### Work to be completed:
What you return should be only the lines in the entries below between the one holding "- encyclopedia ..." and the one holding "Logo da FORUMPTDCOM", ends included, with every picture left out.

Listed entries Block Start

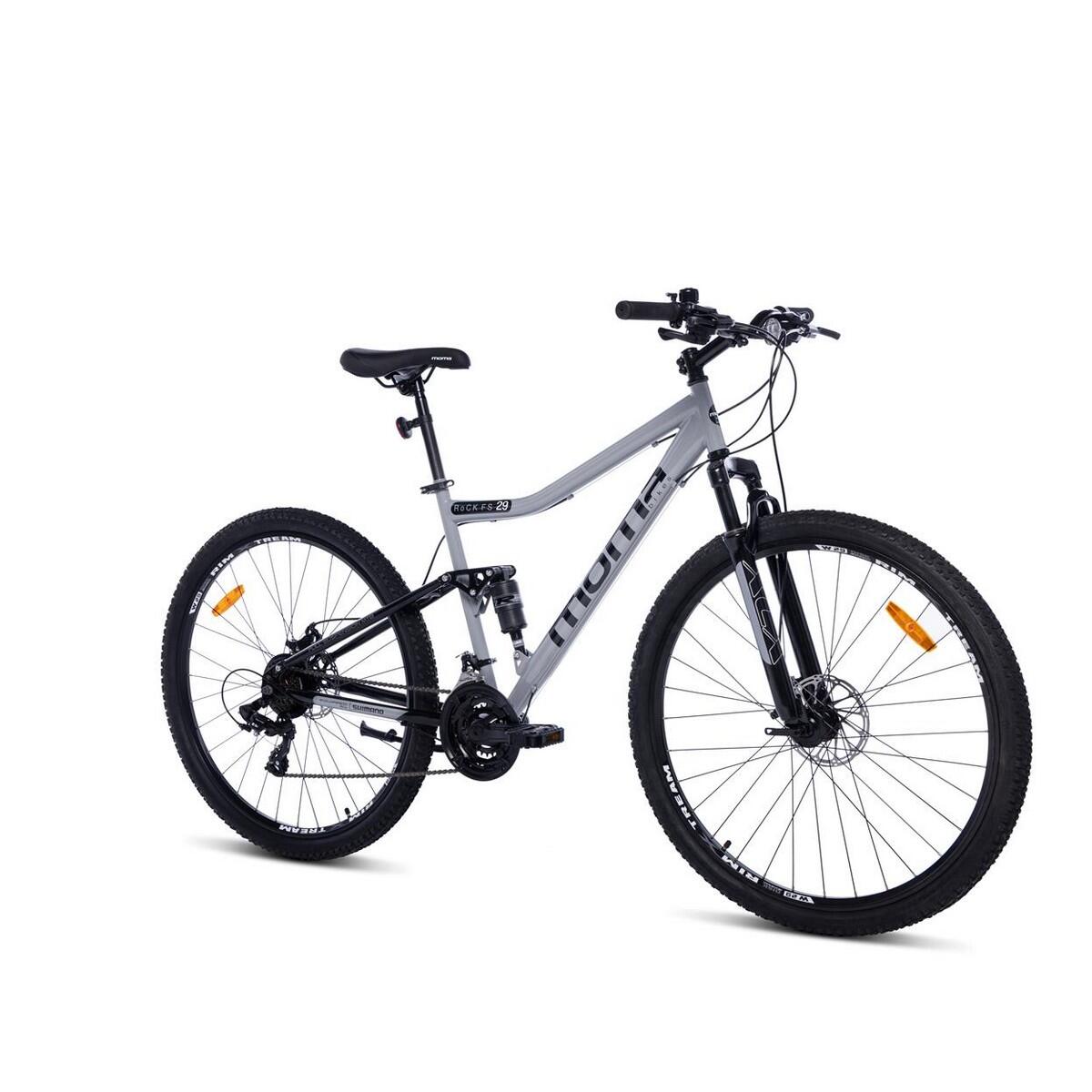 MOMA BIKES MTB Fahrrad ROCK 29“ FS, SHIMANO 21 Gang, Scheibenbremsen, Doppelfederung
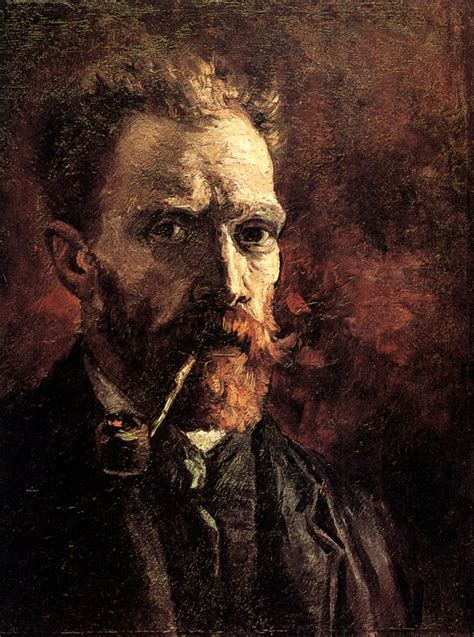 Self-Portrait with Pipe - Vincent van Gogh - WikiArt.org - encyclopedia ...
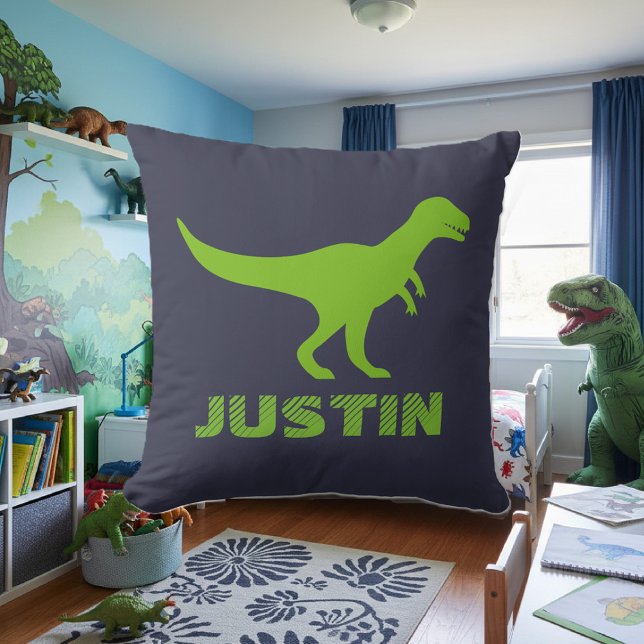 T Rex dinosaure jetez oreiller personnalisé pour l (T-rex dinosaur pillow for kids)
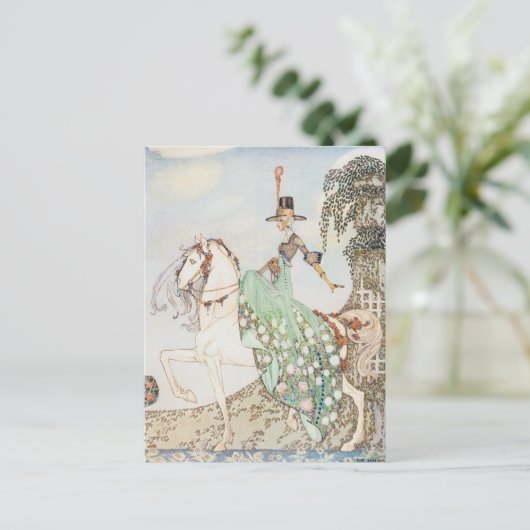  Fairy Tale, Princess Minette, Kay Nielsen Briefkaart (Staand voorkant)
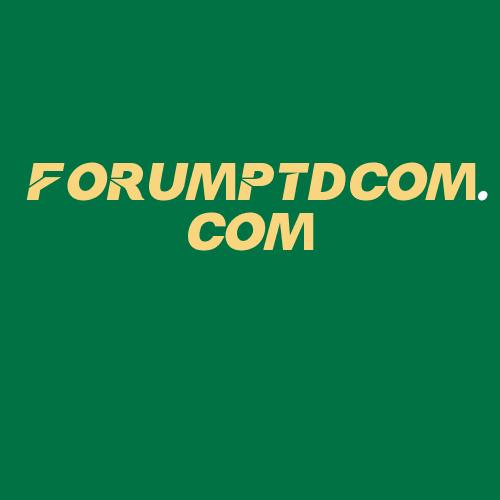 Logo da FORUMPTDCOM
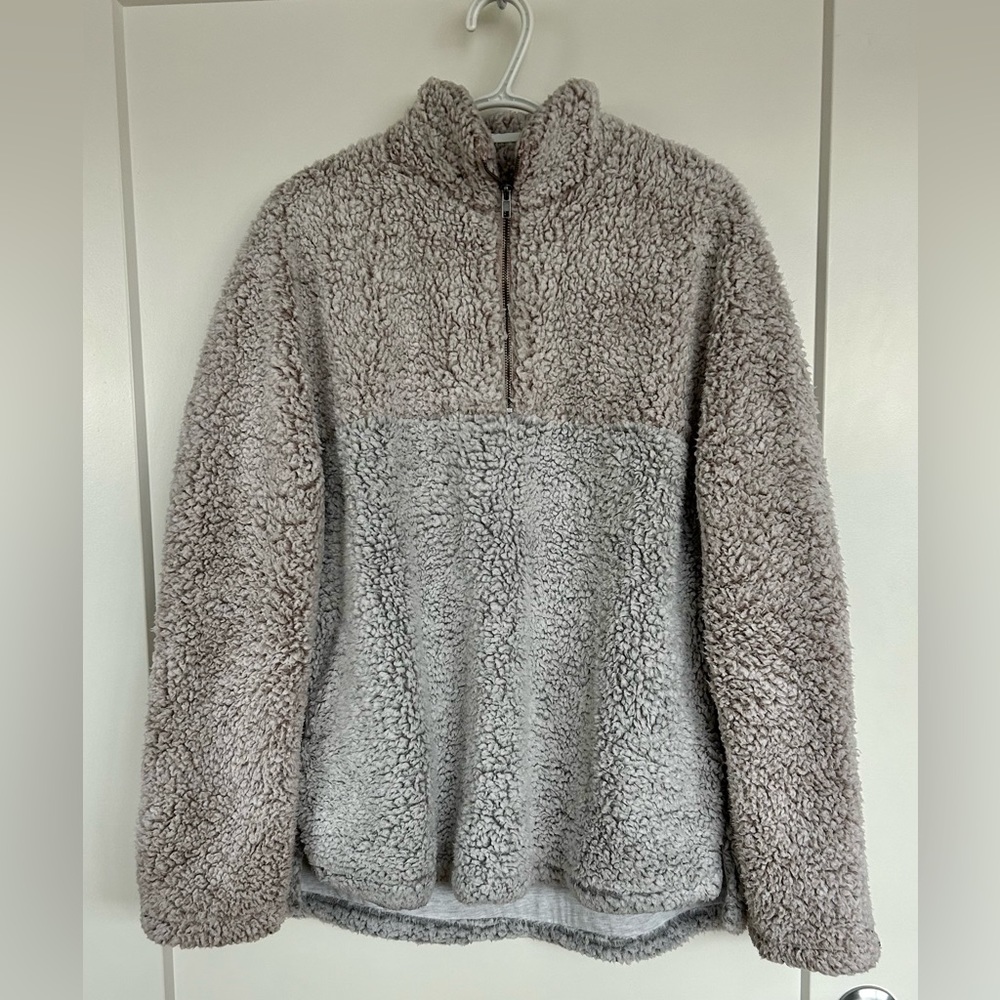 Thread + Supply 3/4 zip sweatshirt with side pockets,XL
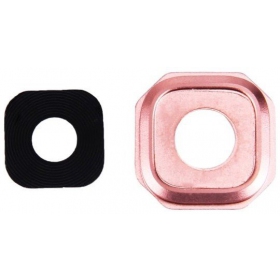 Samsung Galaxy A3 2016, A5 2016, A7 2016 cameraglas (roze)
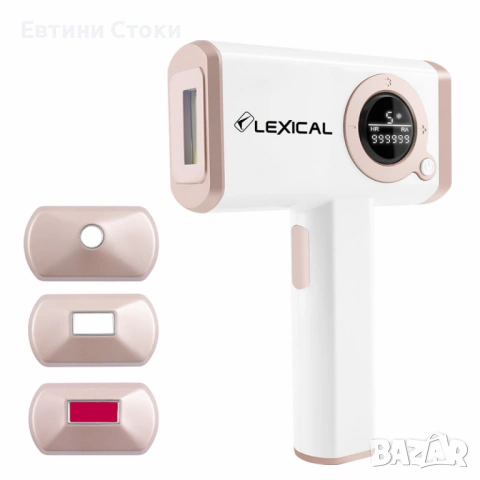 Компактен лазерен епилатор Lexical LLH-5580 с охлаждане, снимка 2 - Епилатори - 54108386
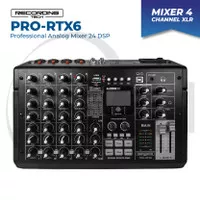 MIXER RECORDING TECH PRO-RTX6 Analog Mixer 24 DSP 4 channel XLR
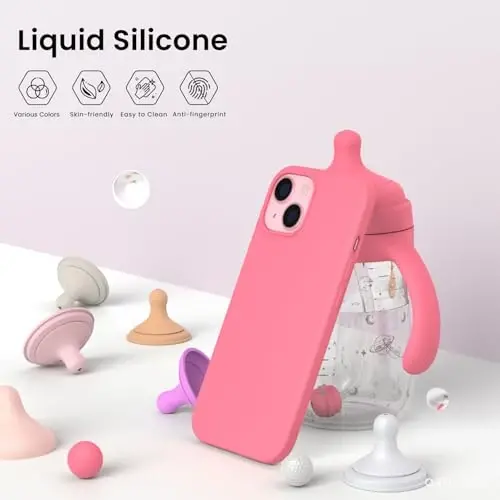 ORNARTO Compatible with iPhone 15 Plus Case 6.7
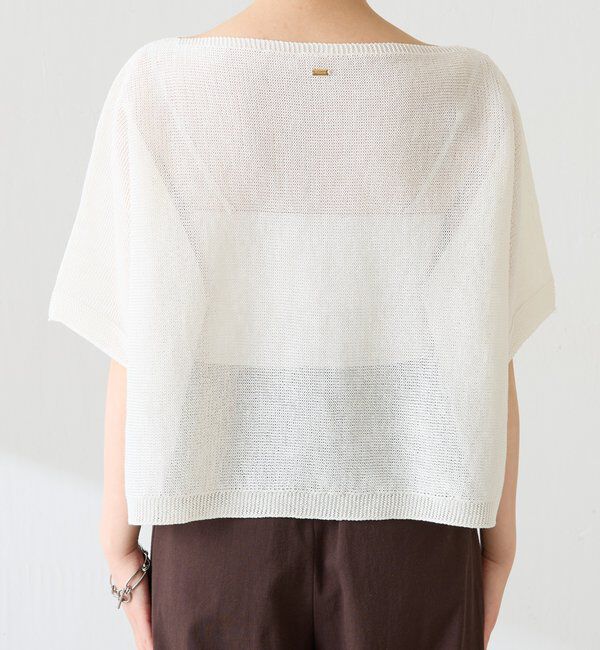  「シャーリーカーンハーフスリーブニット」|ニット・セーター|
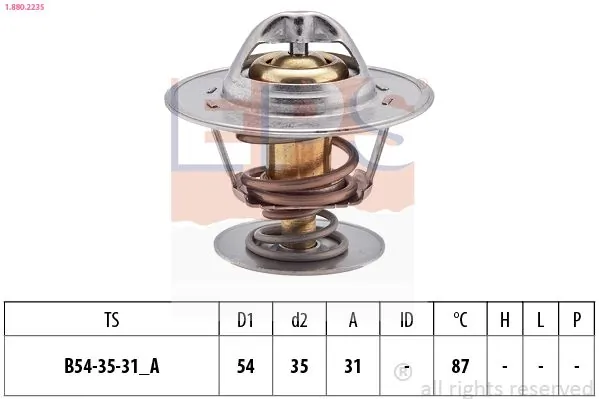MDR termosztát, hűtőfolyadék - EPS-1880 223 - TothCarparts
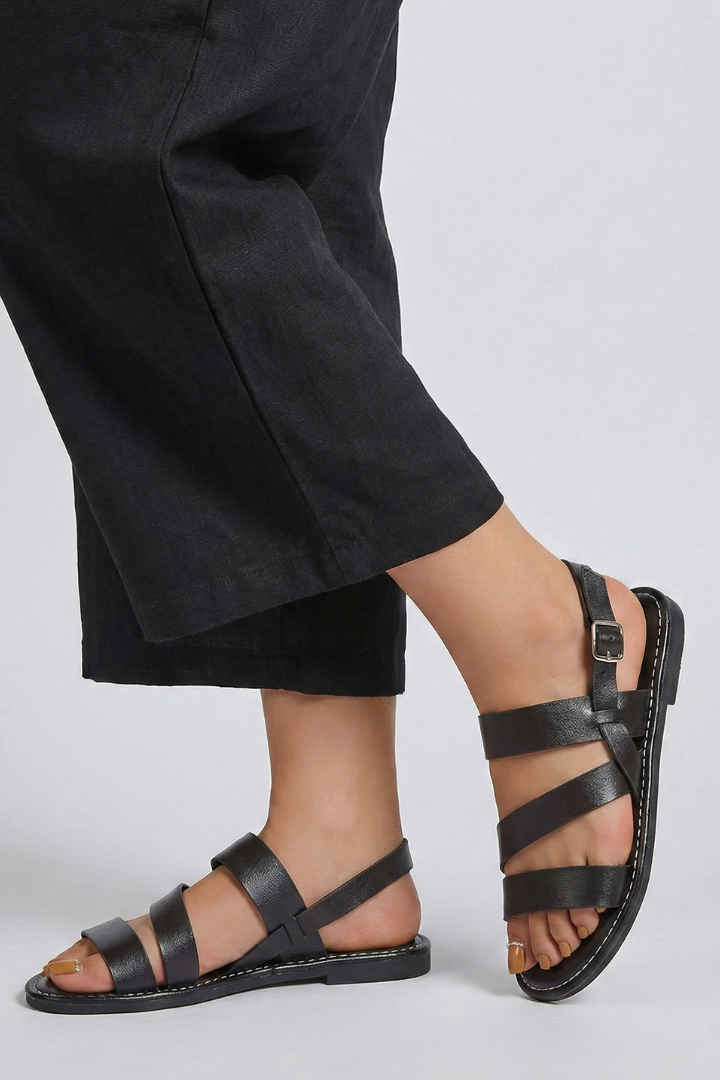 Marcella | Women's Open Toe Flat Profile Sandal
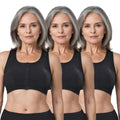 Front Closing Bras For Elderly Black Pack Of 3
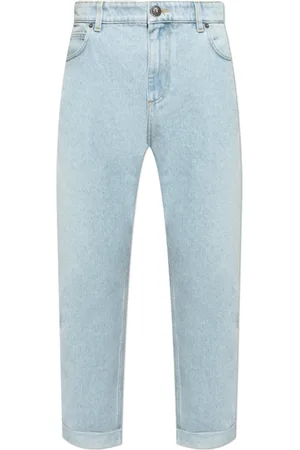 Balmain Jeans, Herre, Blå, W35, Bomuld, almindelige type jeans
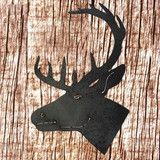 Wildlife Metal Art Deer Silhouette - Rear View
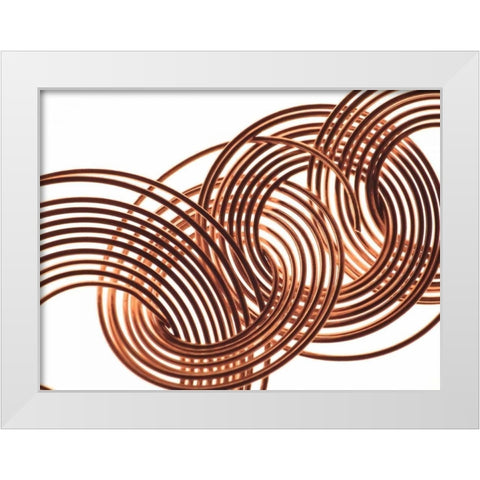 Intertwined Gold VIII White Modern Wood Framed Art Print by Burkhart, Monika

Listed entries Block End

### Output of the task:
 Self-Portrait with Pipe - Vincent van Gogh - WikiArt.org - encyclopedia ...
 T Rex dinosaure jetez oreiller personnalisé pour l (T-rex dinosaur pillow for kids)
  Fairy Tale, Princess Minette, Kay Nielsen Briefkaart (Staand voorkant)
 Logo da FORUMPTDCOM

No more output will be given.